Lately, I've been trying to unravel all of the mysteries of a great hardware product. From the engineering, to the strategy, to the design, it all ties in to the mystery of what separates the good from the bad. But I know I've been missing something, because I haven't yet hit upon that famous buzzword - User Experience. What is UX, exactly? And how does it relate to hardware?
I endeavored to find out, by interviewing a UX/UI expert I know. After a good deal of conversation, and a good deal more contemplation, I whittled it down to this:
UX is broad, encompassing several major considerations in product development. Specifically, they are: the user, the form, the content, and the structure of your product.
- User: Who is our user? What problem of theirs are we solving? How do we divide this problem into user stories?
- Form: What form does the solution to the problem take? Is it a product? A service? A hybrid?
- Content: What information and what actions are we going to make available to the users?
- Structure. How do we structure the available information and actions to make it clear to the user how to solve the problem?
Does some of this sound familiar? It should. The first two parts (user and form) are largely contained in our design thinking process. In the Empathy and Definition steps of design thinking, we get in the heads of our users and decide on the essence of what we're trying to solve. The next three stages of design thinking - Ideation, Prototyping, and Testing - guide us through defining the form that the solution to our users' problem will take.
The two new factors we've got to contend with are Content and Structure. When design thinking is done, you've got to define the information and actions you'll expose to the user at any given point, and how those two will combine into an intuitive series of tasks that solve the user's problem. In an app or website that will be some sequence of menus, buttons, and text. On a connected hardware product that will be knobs, dials, buttons, LEDs, and a corresponding app.

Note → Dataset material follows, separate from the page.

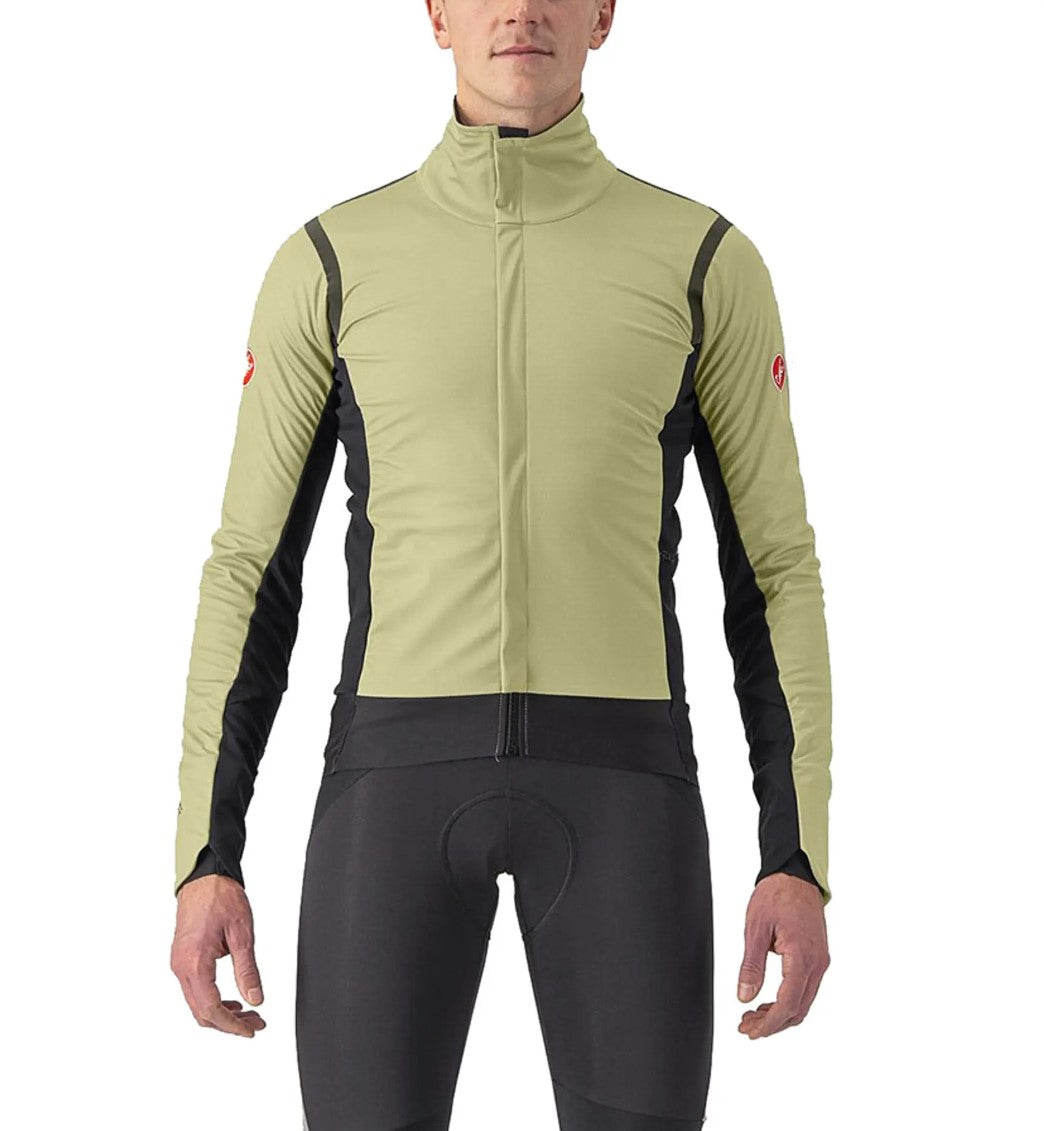 Castelli ALPHA RoS 2 Winter Jacke, Green Tea / Military Green Milit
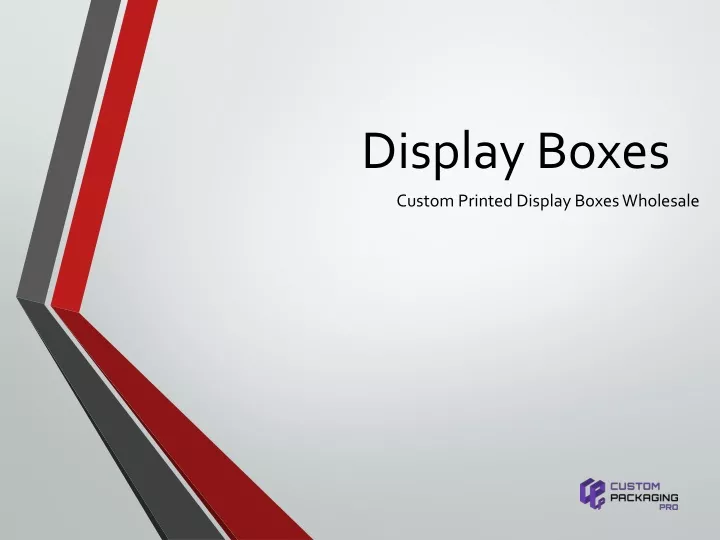 display boxes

Now we have an understanding of what UX is. But how does does one begin defining a good User Experience? Well, take this with a grain of salt, I'm new to the field. But, my current understanding is something like the following:
First, we take it back to the user. During design thinking, we got into the head of our user, defined their problem, and decided on the form of the solution. Now, we break down the high level vision of our solution into a series of user stories. The Internet tells us that:
A user story is a tool used in Agile software development to capture a description of a software feature from an end-user perspective. The user story describes the type of user, what they want and why. A user story helps to create a simplified description of a requirement.
Replace "software" with "hardware" and we're still in business. User stories are generally kept to 1 sentence to be brief and to-the-point. For those of you who studied up on your design thinking, think of them as mini "point of view" statements.
So we've taken all the potential features of our product and created brief stories describing the user's interaction with those feature. Next, we consider the optimal flow of that interaction. A flow is the series of steps in our interaction. Let's define optimal as the intersection of short and intuitive.
Overall, we dive in to User Experience by taking the solution we've defined, breaking it into a series of user stories, and defining a brief and intuitive series of steps that a user can take to accomplish the task highlighted in the story. Sounds pretty doable on paper, right? But there's no doubt that this quickly becomes a daunting task in the real world. For starters, we've only touched on the foundation of UX here. Getting your UX Content and Structure right will involve wireframes, color palettes, a level of obsession with menus you probably never thought possible, and more.
For example, Zuli's UX definition takes up (at least) one whole wall of their office.
But nothing worth doing is easy, and a thoughtful UX implementation is definitely worth doing. When you think about it, UX is on the front lines of the battle. Everything else you put into your product - strategic analysis, boatloads of engineering, even most of the design thinking process - is fairly opaque to the end user. But your UX work is front and center, and will play a huge role in defining the users' opinion of your product. So put the time in, and do it right!